A cambiare la vita del piccolo Yanusz è un’infermiera polacca, un personaggio per il quale ti sei ispirato a Irena Sendler. Chi era? Come hai conosciuto la sua storia?
Qualche anno fa ho letto su un quotidiano di questa donna polacca candidata al Nobel per la Pace, era il 2007. Purtroppo quell’anno le fu preferito Al Gore. Irena fu davvero un’eroina che grazie al suo lavoro come infermiera e assistente sociale riuscì a far uscire i piccoli ebrei dal ghetto di Varsavia, portandoli in salvo nella parte ariana della città. Questo anche grazie alla sua appartenenza alla Zegota, un’organizzazione clandestina che aveva proprio lo scopo di aiutare i cittadini ebrei di Varsavia. Proprio grazie alla Zegota Irena riuscì a ottenere centinaia di documenti falsi per i piccoli fuggitivi e l’aiuto fondamentale di complici sia per farli fuggire dal ghetto, sia per ospitarli finché non venivano affidati a famiglie compiacenti che li nascondevano come orfani di guerra. O istituti religiosi cattolici che li ospitarono, prendendosi cura di loro, fino alla fine dell’occupazione nazista.
In che modo, secondo te, la Giornata della Memoria può aiutare le nuove generazioni? Quale ruolo devono avere gli adulti e la scuola?

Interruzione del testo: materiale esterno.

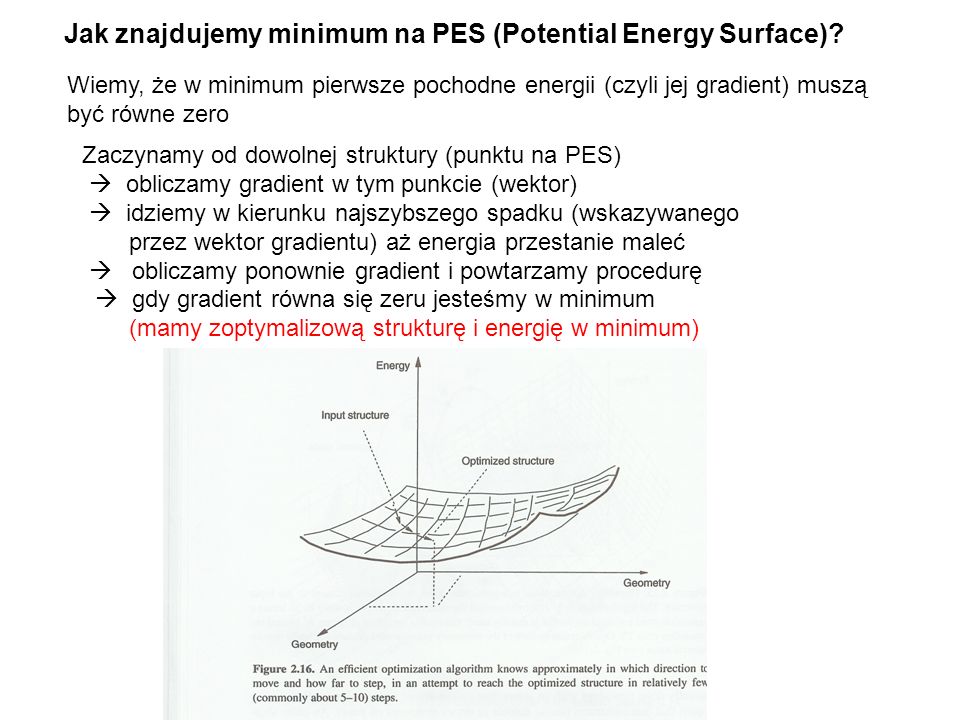 Jak znajdujemy minimum na PES (Potential Energy Surface)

Sono convinto che mai come oggi sia necessario farci noi memoria vivente di quel passato, soprattutto adesso che i protagonisti diretti stanno scomparendo e l’antisemitismo ritorna in maniera ancora più feroce nella cronaca quotidiana di tutto il mondo, pur non essendo mai scomparso del tutto, purtroppo. C’è bisogno che i ragazzi conoscano quelle storie, che immaginino le vite di quei corpi ammassati uno sull’altro fuori da un capanno in uno dei campi di concentramento che gli vengono mostrati soprattutto in occasione della Giornata della Memoria. C’è bisogno di tirare fuori dai gelidi numeri dell’Olocausto le speranze, le paure e i sentimenti di un popolo intero. E provare, per una volta, a metterci in quei panni. Provare a essere loro. In questo la scuola e gli adulti hanno un ruolo fondamentale. Perché entrambi svolgono il compito di educatori. E credo che non ci sia niente di più importante che educare all’empatia, al rispetto e alla comprensione per ridare dignità a tutte quelle persone che non possono più chiederla con la loro voce. Oggi tocca a noi essere quella voce.